• _Exercise goal_
Although the entries contain pictures, write out only their text, exactly as it stands.

━━ Task inputs

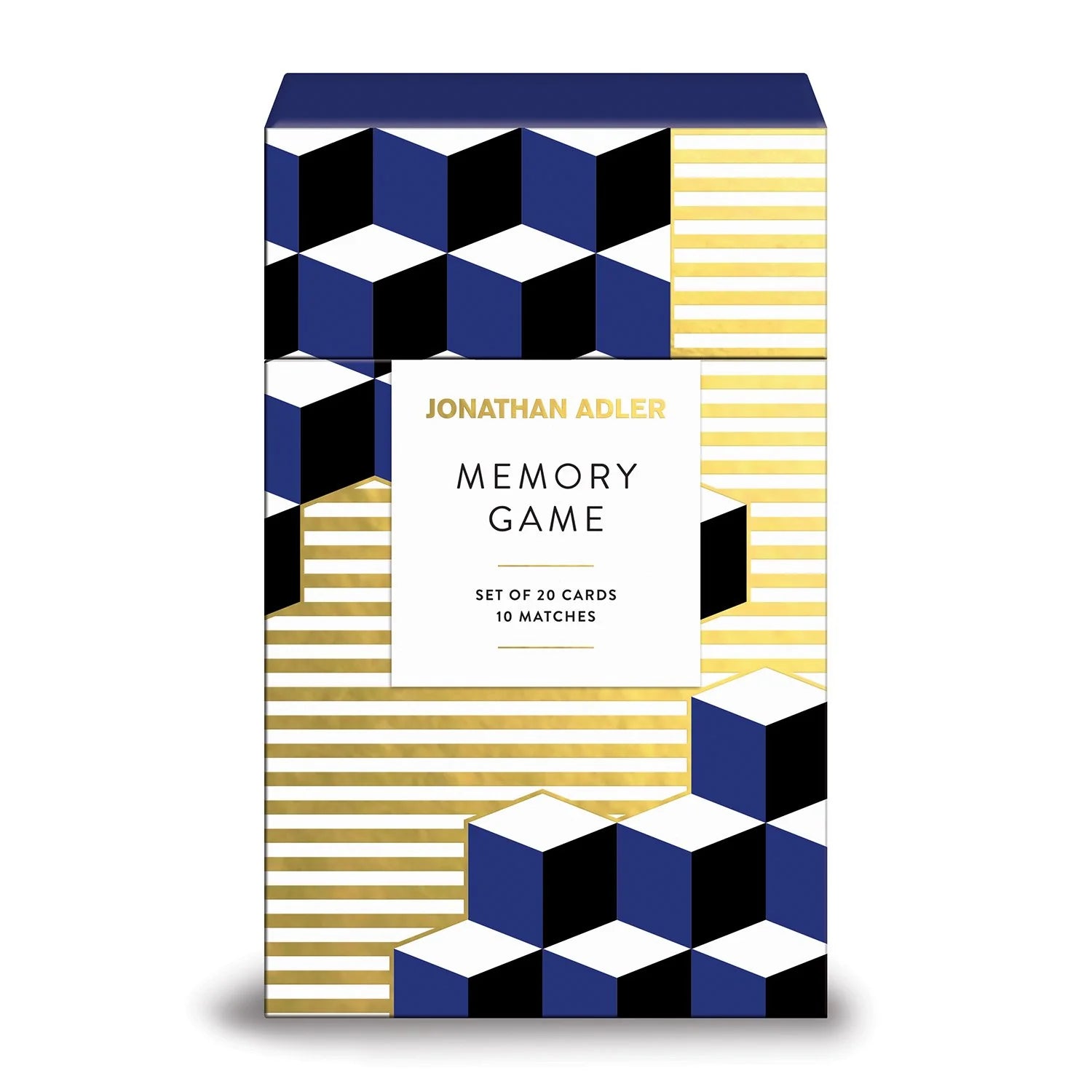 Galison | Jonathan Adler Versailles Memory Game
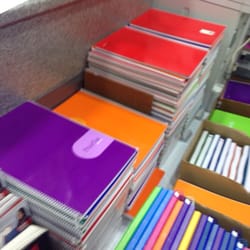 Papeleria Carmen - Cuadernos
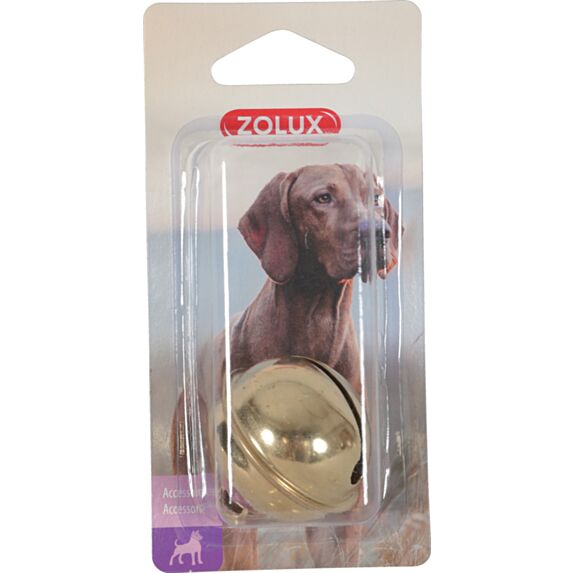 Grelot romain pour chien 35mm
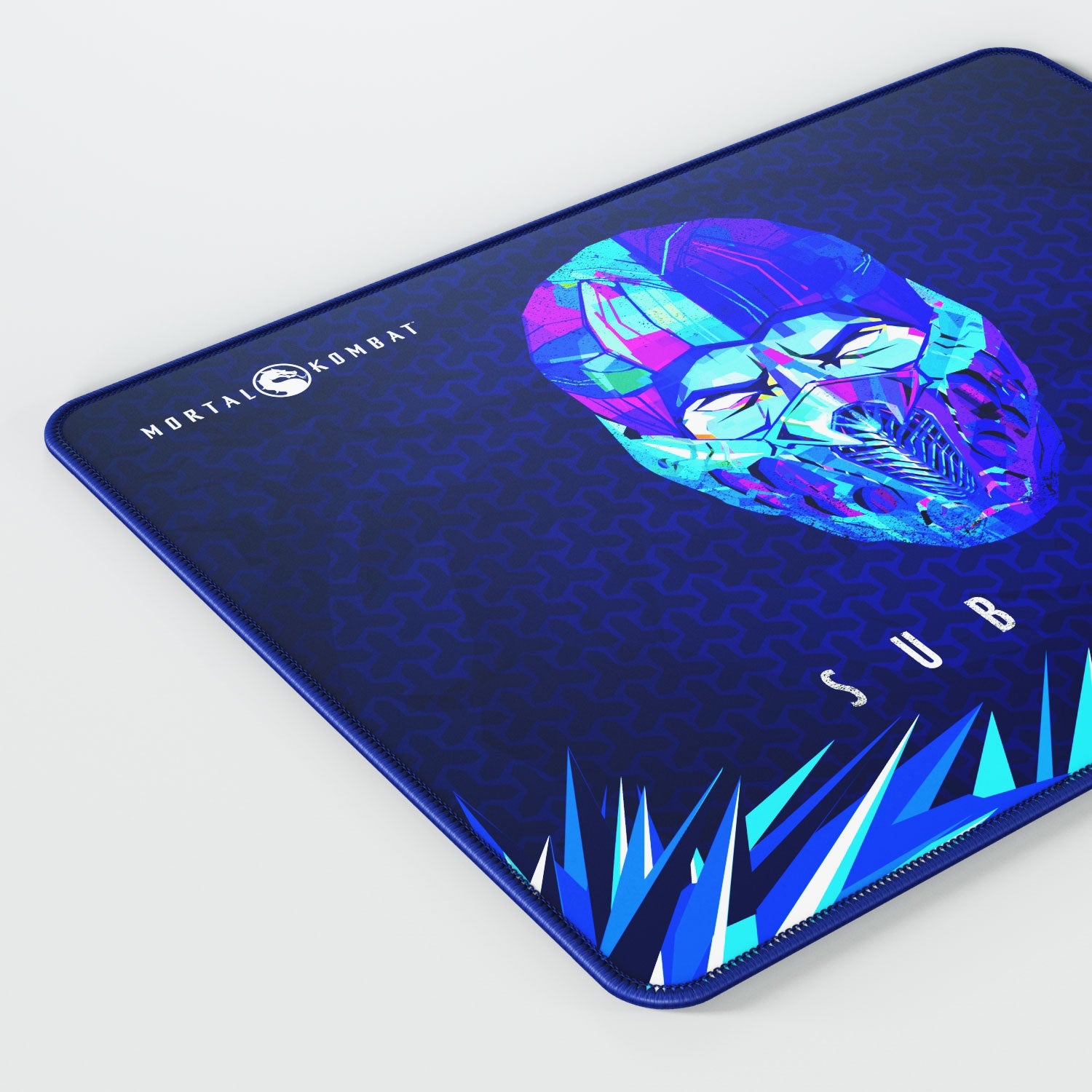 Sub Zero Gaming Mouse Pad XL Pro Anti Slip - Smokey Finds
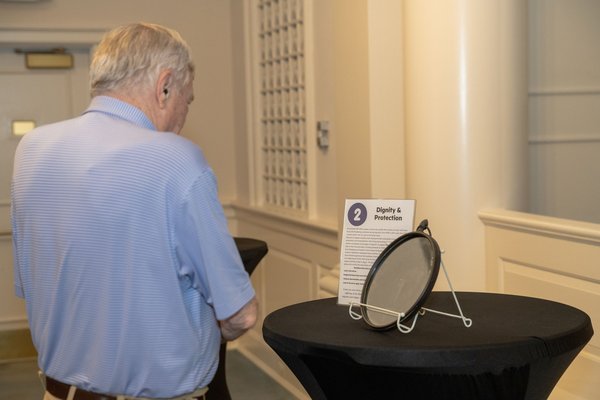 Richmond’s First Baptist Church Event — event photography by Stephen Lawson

━━━━

• _Reply to the task_
 Galison | Jonathan Adler Versailles Memory Game
 Papeleria Carmen - Cuadernos
 Grelot romain pour chien 35mm
 Sub Zero Gaming Mouse Pad XL Pro Anti Slip - Smokey Finds
 Richmond’s First Baptist Church Event — event photography by Stephen Lawson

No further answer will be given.